**TASK PROMPT**
Could you output each line below exactly as it appears, excluding any pictures?

**DATA BLOCK**
■ ■ ■ ■ ■ ■ ■

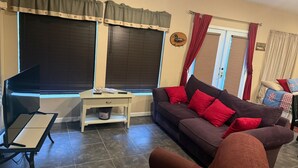 A living room with a dark brown sofa, red cushions, a white side table, a television, and a window with blinds.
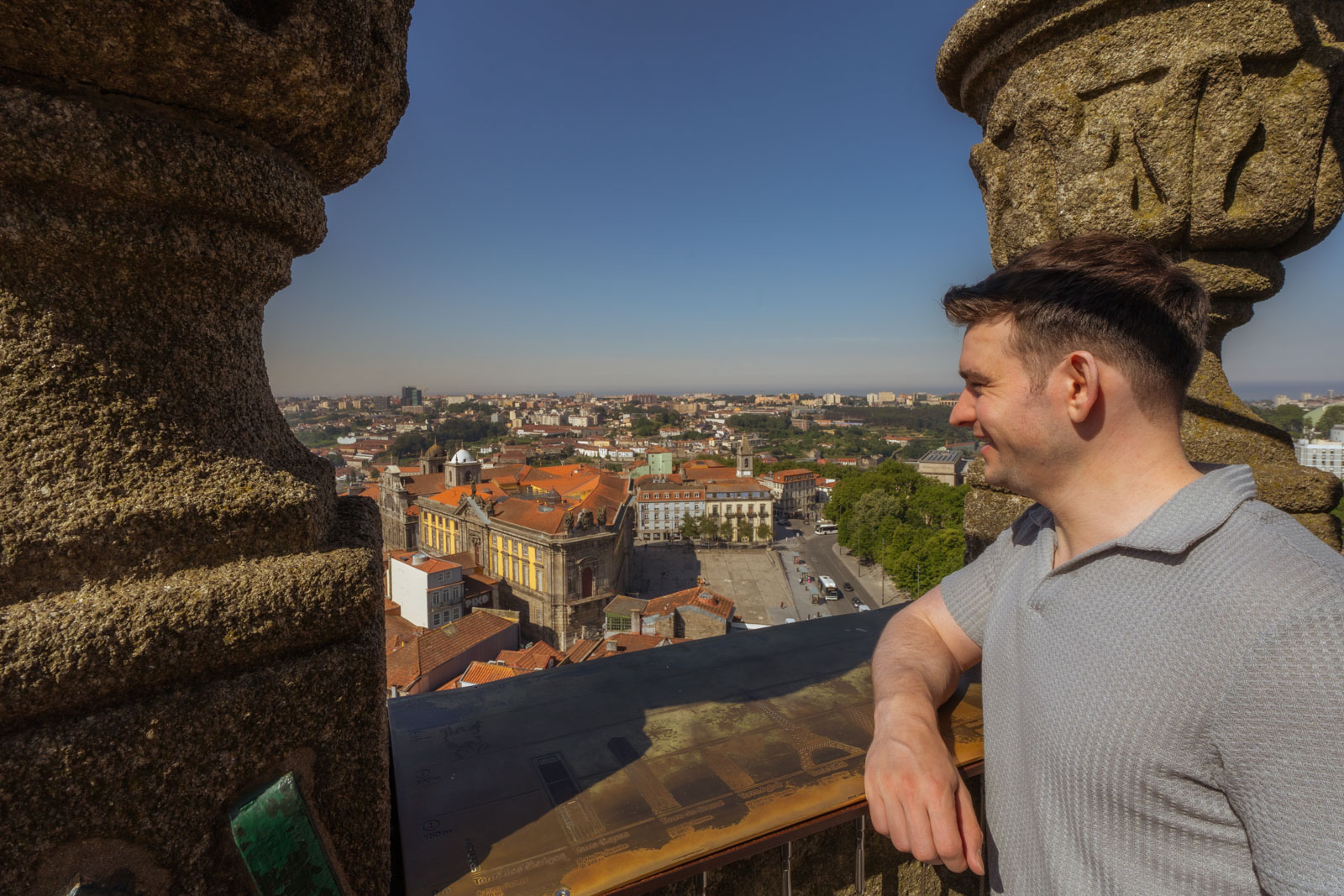 a man looking at the top of tower viewpoint, 1 day in porto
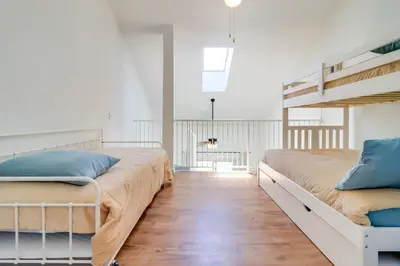 a bedroom with two beds and a staircase at 13 Mi to Port Clinton Lake Erie Getaway with Dock in Oak Harbor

■ ■ ■ ■ ■ ■ ■

**WRITTEN RESPONSE**
 A living room with a dark brown sofa, red cushions, a white side table, a television, and a window with blinds.
 a man looking at the top of tower viewpoint, 1 day in porto
 a bedroom with two beds and a staircase at 13 Mi to Port Clinton Lake Erie Getaway with Dock in Oak Harbor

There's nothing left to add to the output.